This is not unreasonable. I know around these parts we like to think that
developers are the God-Kings of the universe, but there are real negative
consequences to the seemingly infinite geometric growth of developer salaries
(currently, in the NYC area anyways, clocking in at least 10% a year).

And I say that as someone who is a huge, direct beneficiary of these insane
salaries.

We keep complaining around here about the influence of VCs on the industry,
about how everything is oriented around landing the next round of funding.
That we think about runways more than we think about creating useful things.

We also complain about how founders are giving up increasingly large pieces of
equity just for the capital to get off the ground, and that the dream of tech
entrepreneurs changing the world is constantly compromised by all of the
above.

We also complain about the power large corporations have over small businesses
and can muscle them around in the market.

All of these come down to the price of developers. The more we get paid, the
more capital founders will need to start companies, and the more power
investors will have over entrepreneurs, their companies, and their employees.

Huge paychecks for developers only plays into the hands of wealthy investors
who now consume an ever-increasing influence, and who wind up owning more and
more of the fruits of innovation.

The more we get paid, the more it benefits large, established corporations,
who have the mature, optimized business models to afford huge salaries, and
the more we handicap small, starting businesses who do not yet have the
revenue/employee to sustain high burn rates.

The more we get paid the fewer true bootstrapped companies we will see, since
there is now an increasingly insurmountable cliff between "founders in a
garage" and "first hire".

The more we get paid the more types of businesses will be categorically
excluded from existing because they're not profitable enough to pay huge
salaries.

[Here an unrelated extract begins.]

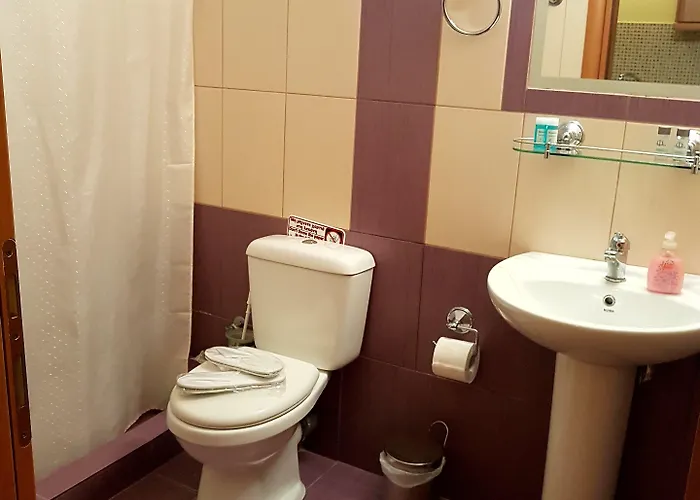 Marathon & Apartament *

Just recently I turned down an offer from a company doing tremendous
social good - the salary they offered would have been highly competitive a
mere two years ago, but the market continues to inflate. I fear businesses
that are highly positive to society, but not hugely profitable, will simply no
longer exist in the future.

Don't get me wrong, I enjoy being paid a shitload of money to do what I love,
but understand that there is a point where increased developer compensation is
a net negative for us all, and that we may already be past that point.

The world is bigger than our bank accounts (sad, I know).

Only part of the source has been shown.